Has anyone else ever noticed that a lot of the material goods we tout as the best things to have, or the pricier foods we sometimes enjoy, and even most of the popular places in the world to visit, were all things, food, or places referred to by James Bond in the Bond movies? I wonder, was James Bond living the fantasy of his time or did he sell us the fantasy?
Doesn’t really matter I suppose because we bought it hook line and sinker, or should I say diamonds, Aston-Martins, and Monte Carlo? You have none of the above? How about a mobile phone, some Bollinger champagne, or an Omega watch? There’s actually a book called Selling James Bond by Tanya Nitins, and it is staggering how much shtuff those movies sold us on over the decades. What bothers me about Fifty Shades isn’t the lusting that goes on between Ana and Christian—they’re consensual adults. As a matter of fact Ana is by today’s standards a good girl. (She only went with one man and she married him.) What bothers me about Fifty Shades is that it further perpetuates discontent about what we want and need to be happy.

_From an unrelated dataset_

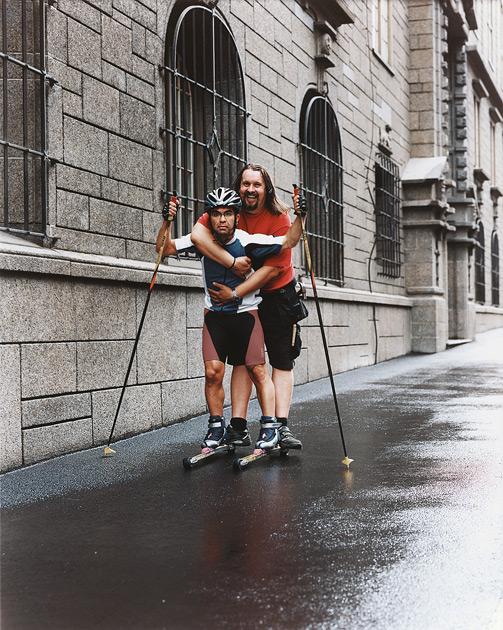 Two men on rollerblades in front of a stone building.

Plus I know the marketing tie-ins will be painful. (Har, get it?)
|Photo Credit: Another anonymous and painful bit of artwork|
It’s not the shtuff that really bothers me though. So Jimmy Choo, Louboutin away if you like. We’re all free to waste our money how we please. What bothers me is the bill of goods selling perfect-looking, filthy rich, megalomaniac billionaires as an ideal. What guy can compete with that? Let's hope they don't try. And what about flawless women so devoted to her man’s dark desires that he can beat her. I’ve never had a megalomaniac billionaire who beats me so I’m hypothesizing here, but I’m guessing the real thing would be horribly high-maintenance. And I’m not a flawless woman devoted to my guy’s dark desires, and if anyone hits me the fur is gonna fly, so once again this is conjecture but I have a feeling that a woman like that would be a tad needy. And any real woman who twists her true self into knots to act like Ana Steele for someone—well, I’m sorry for her. I predict the pain would be legion, but the regret would be larger.
When we get too caught up in anyone else’s love life—whether it be the Fifty Shades of Grey idea of romance, Twilight, or the latest couple’s gossip from Hollywood—we’re missing out on all the real loving that could be going on in our own lives.
To me that’s the problem, and that’s not any book’s fault. And the sad thing is all of those things—junk from the mall or fantasy relationships—is really just snake oil. Nobody else should tell you what you need to be happy. You have to figure that out for yourself. Don’t let anybody sell you your fantasy. Make your own.